**Problem details**: Within the records below, find the line with "Sofa Otto 260CM - Retractil/Reclinable" and the line with "Halloween Teacher T-Shirt", then reproduce exactly those two lines and all lines between them, without any picture.

**Task input**:

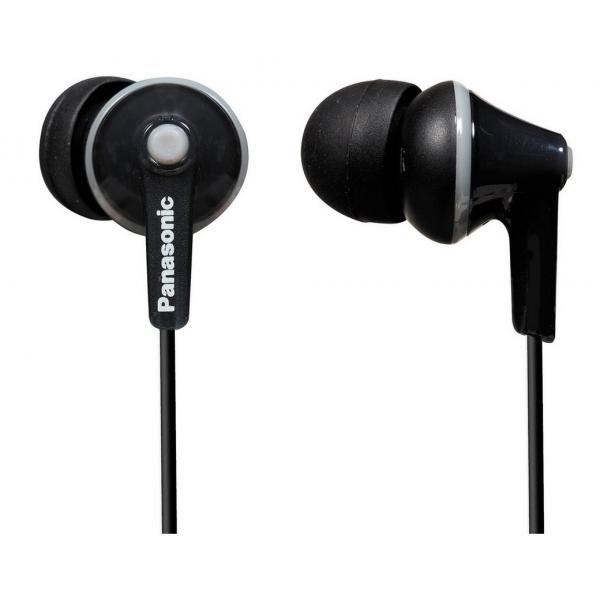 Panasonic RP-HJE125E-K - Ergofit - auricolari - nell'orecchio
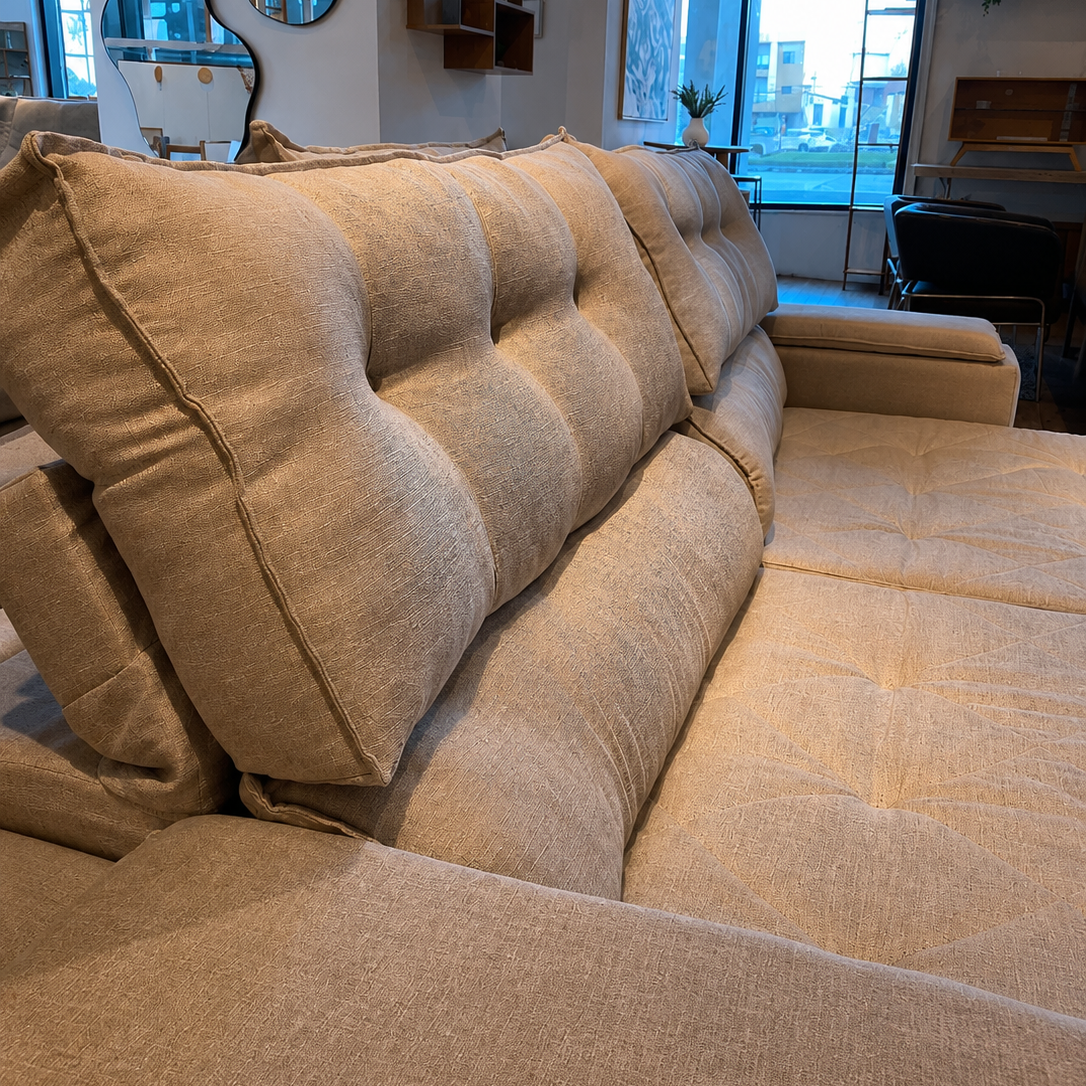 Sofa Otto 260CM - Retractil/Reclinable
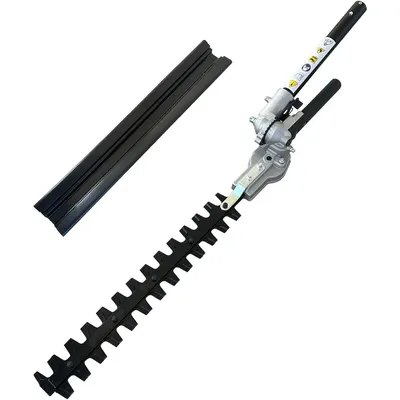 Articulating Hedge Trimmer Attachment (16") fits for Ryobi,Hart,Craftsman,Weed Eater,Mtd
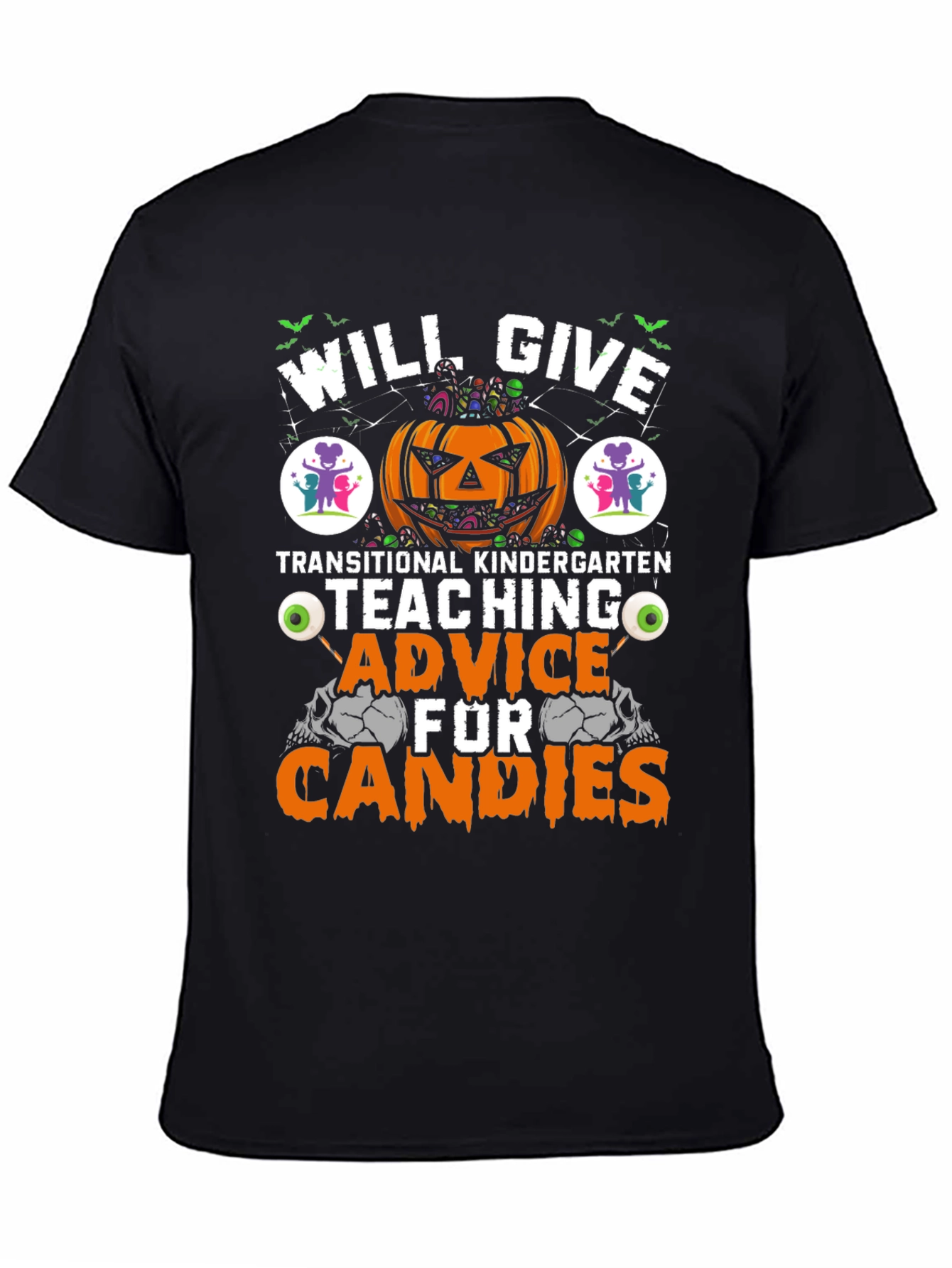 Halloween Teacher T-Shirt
--
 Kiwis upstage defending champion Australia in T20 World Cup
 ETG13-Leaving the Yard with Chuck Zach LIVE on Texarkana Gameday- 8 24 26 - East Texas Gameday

**Solution to this task**:
 Sofa Otto 260CM - Retractil/Reclinable
 Articulating Hedge Trimmer Attachment (16") fits for Ryobi,Hart,Craftsman,Weed Eater,Mtd
 Halloween Teacher T-Shirt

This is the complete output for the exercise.